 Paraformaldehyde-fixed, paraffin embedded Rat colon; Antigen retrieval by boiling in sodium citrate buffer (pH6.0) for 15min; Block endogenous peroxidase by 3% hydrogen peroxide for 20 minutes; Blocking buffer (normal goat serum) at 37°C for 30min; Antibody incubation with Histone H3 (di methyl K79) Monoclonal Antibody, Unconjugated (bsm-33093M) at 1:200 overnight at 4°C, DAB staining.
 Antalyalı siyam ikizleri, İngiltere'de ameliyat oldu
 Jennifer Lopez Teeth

---

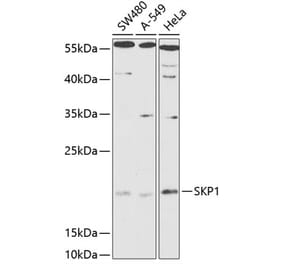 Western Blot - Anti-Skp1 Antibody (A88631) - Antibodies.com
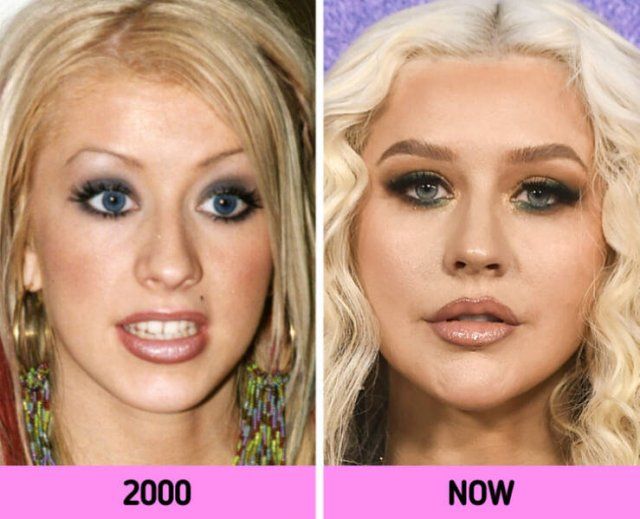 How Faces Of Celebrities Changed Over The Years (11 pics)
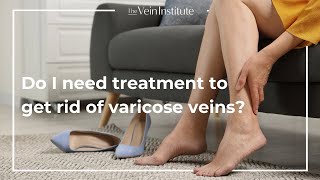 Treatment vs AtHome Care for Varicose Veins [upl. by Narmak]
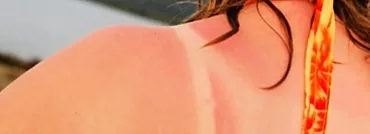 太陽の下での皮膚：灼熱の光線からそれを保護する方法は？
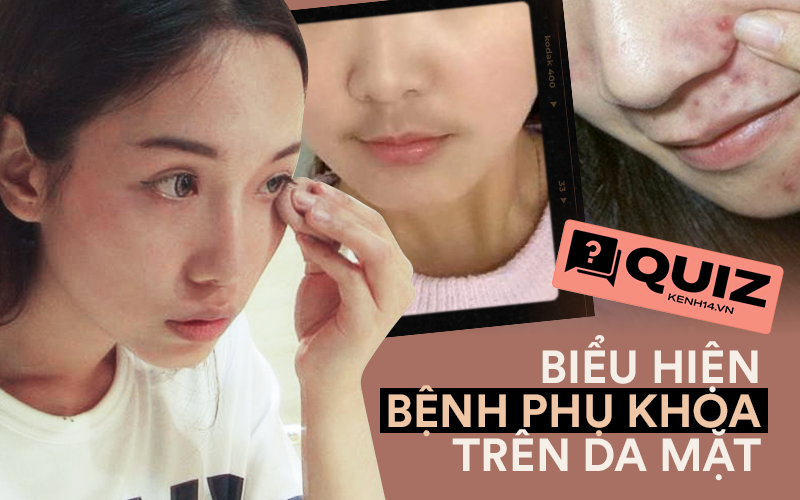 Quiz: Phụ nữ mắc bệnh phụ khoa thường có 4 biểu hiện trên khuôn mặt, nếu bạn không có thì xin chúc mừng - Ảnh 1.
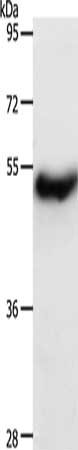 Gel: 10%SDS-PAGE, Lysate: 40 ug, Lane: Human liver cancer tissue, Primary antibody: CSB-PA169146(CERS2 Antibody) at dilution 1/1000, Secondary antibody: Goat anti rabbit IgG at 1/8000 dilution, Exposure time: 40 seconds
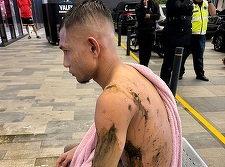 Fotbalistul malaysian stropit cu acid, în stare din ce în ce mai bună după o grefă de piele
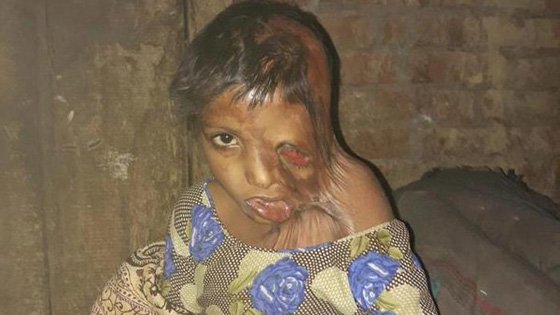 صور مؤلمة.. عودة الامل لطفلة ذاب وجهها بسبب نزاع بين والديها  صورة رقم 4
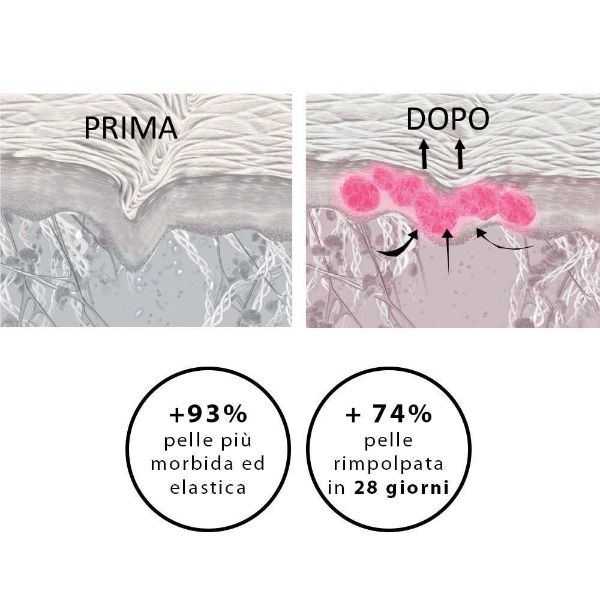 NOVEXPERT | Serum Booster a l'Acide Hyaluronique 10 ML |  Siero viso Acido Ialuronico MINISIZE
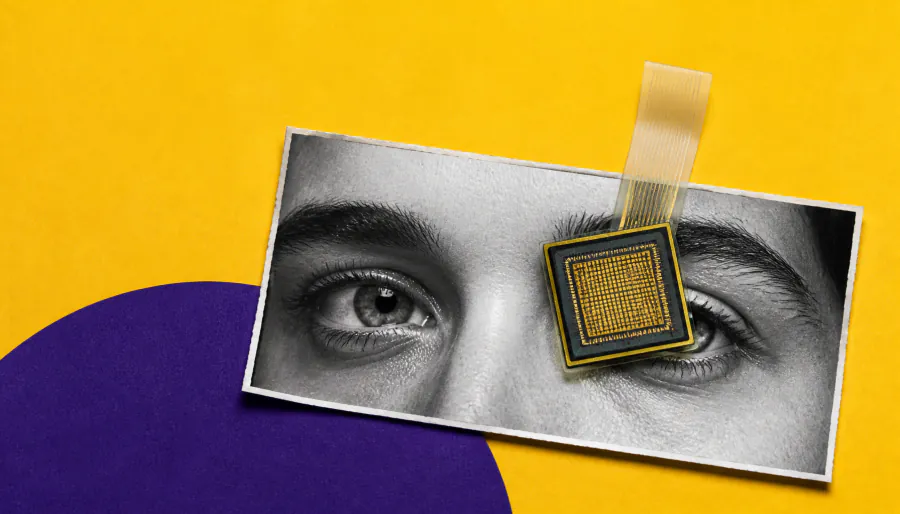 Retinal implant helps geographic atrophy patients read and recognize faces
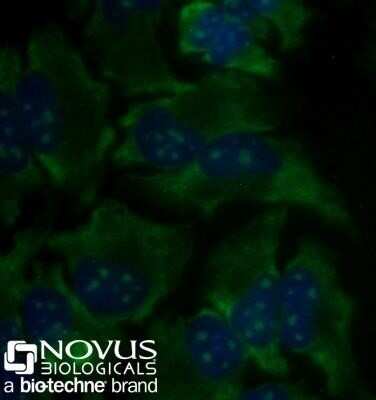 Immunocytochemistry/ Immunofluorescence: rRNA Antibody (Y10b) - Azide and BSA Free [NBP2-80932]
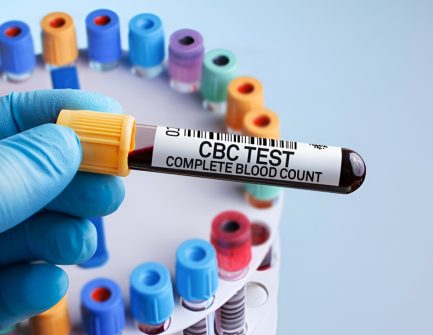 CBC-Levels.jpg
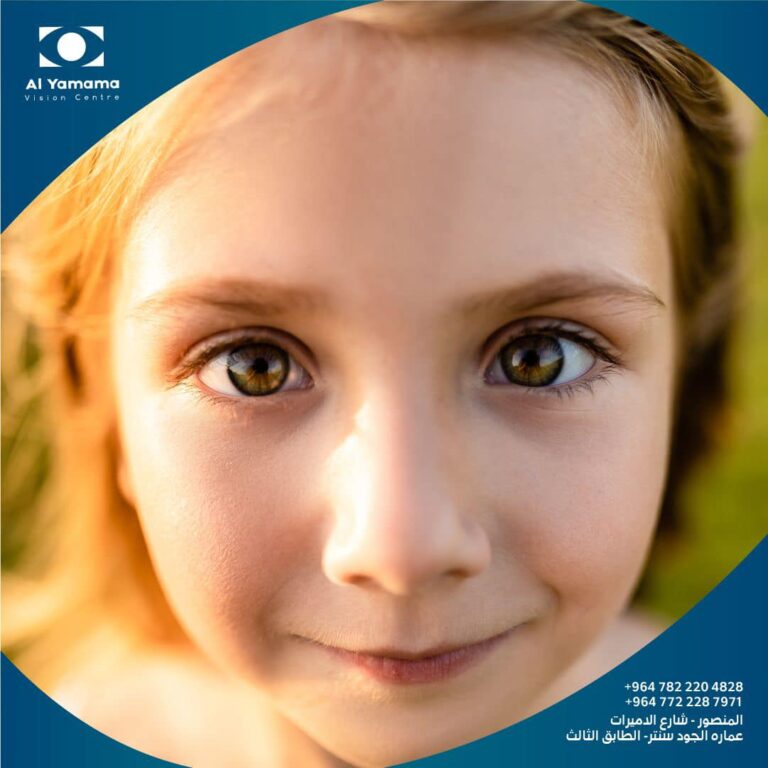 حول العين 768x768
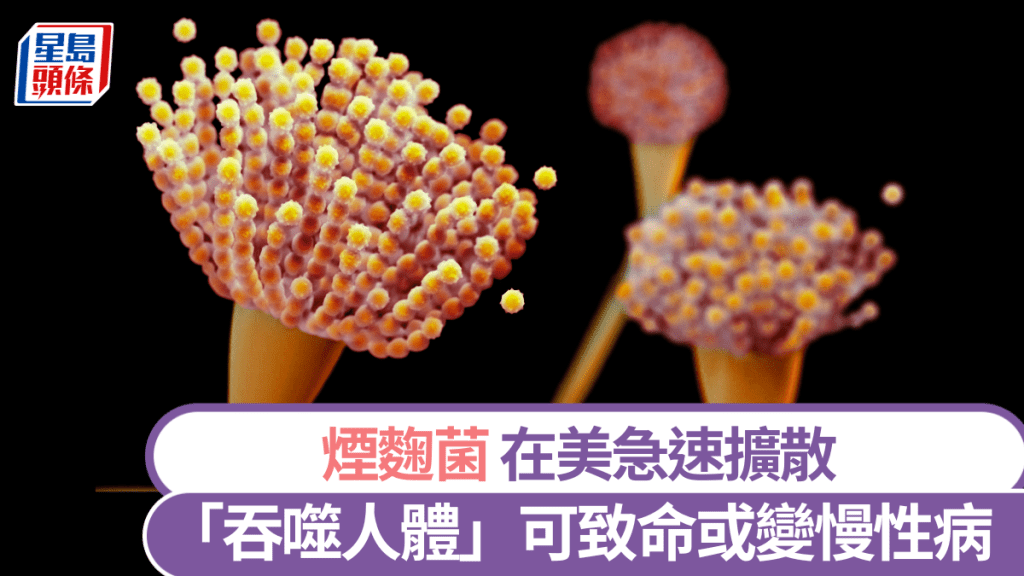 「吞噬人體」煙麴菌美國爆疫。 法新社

* * *

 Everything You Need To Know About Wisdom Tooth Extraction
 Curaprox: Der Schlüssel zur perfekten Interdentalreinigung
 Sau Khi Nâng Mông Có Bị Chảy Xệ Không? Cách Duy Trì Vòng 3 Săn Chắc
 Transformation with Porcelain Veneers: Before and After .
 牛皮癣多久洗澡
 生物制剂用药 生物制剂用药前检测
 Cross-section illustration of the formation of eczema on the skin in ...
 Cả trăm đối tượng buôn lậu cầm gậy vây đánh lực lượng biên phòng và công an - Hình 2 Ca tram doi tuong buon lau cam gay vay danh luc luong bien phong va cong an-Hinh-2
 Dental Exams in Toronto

* _Problem_: Print, exactly, each line above from the one with "How Faces Of" to the one with "Quiz: Phụ nữ", end lines included. Leave pictures out of it.

* _Written answer_:
 How Faces Of Celebrities Changed Over The Years (11 pics)
 Treatment vs AtHome Care for Varicose Veins [upl. by Narmak]
 太陽の下での皮膚：灼熱の光線からそれを保護する方法は？
 Quiz: Phụ nữ mắc bệnh phụ khoa thường có 4 biểu hiện trên khuôn mặt, nếu bạn không có thì xin chúc mừng - Ảnh 1.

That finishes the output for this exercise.